### [Data records]
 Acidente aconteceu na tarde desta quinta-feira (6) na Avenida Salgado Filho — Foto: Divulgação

...

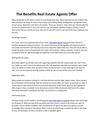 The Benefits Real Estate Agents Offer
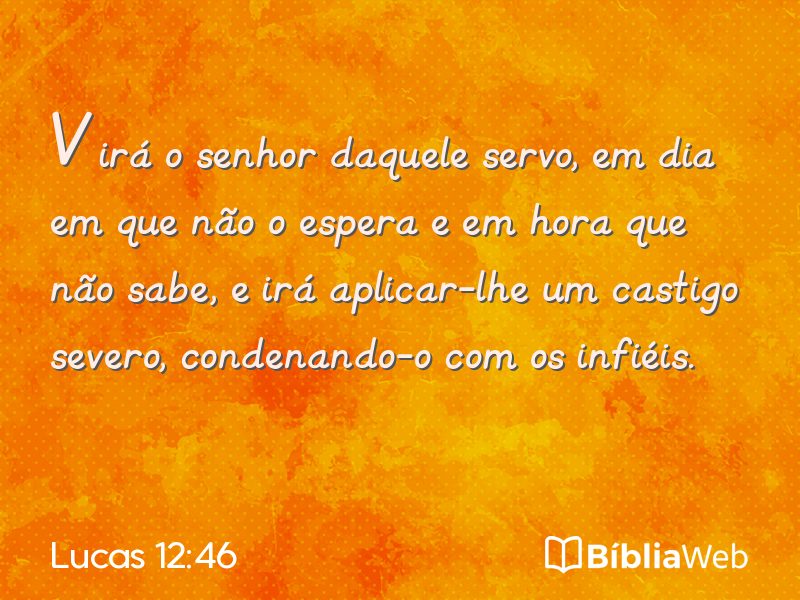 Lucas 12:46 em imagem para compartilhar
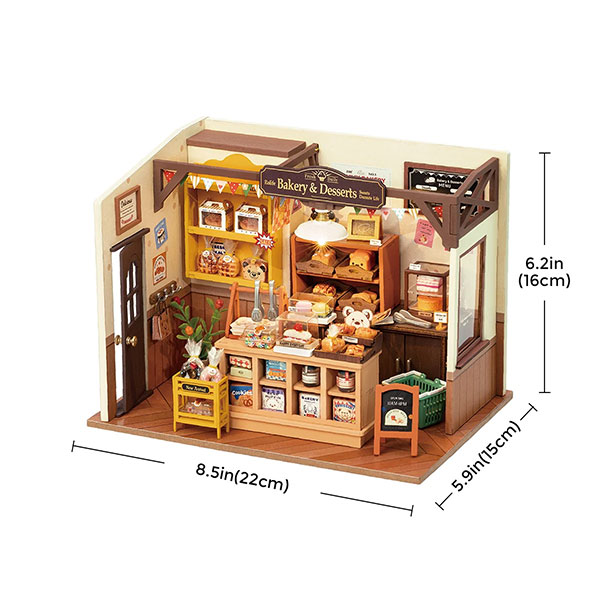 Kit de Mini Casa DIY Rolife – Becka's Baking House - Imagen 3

### [Your goal]
Nothing but the lines from the one containing "Lucas 12:46 em imagem para compartilhar" through the one containing "Kit de Mini" should appear, copied exactly from the material above and without pictures.

### [Exercise answer]
 Lucas 12:46 em imagem para compartilhar
 Kit de Mini Casa DIY Rolife – Becka's Baking House - Imagen 3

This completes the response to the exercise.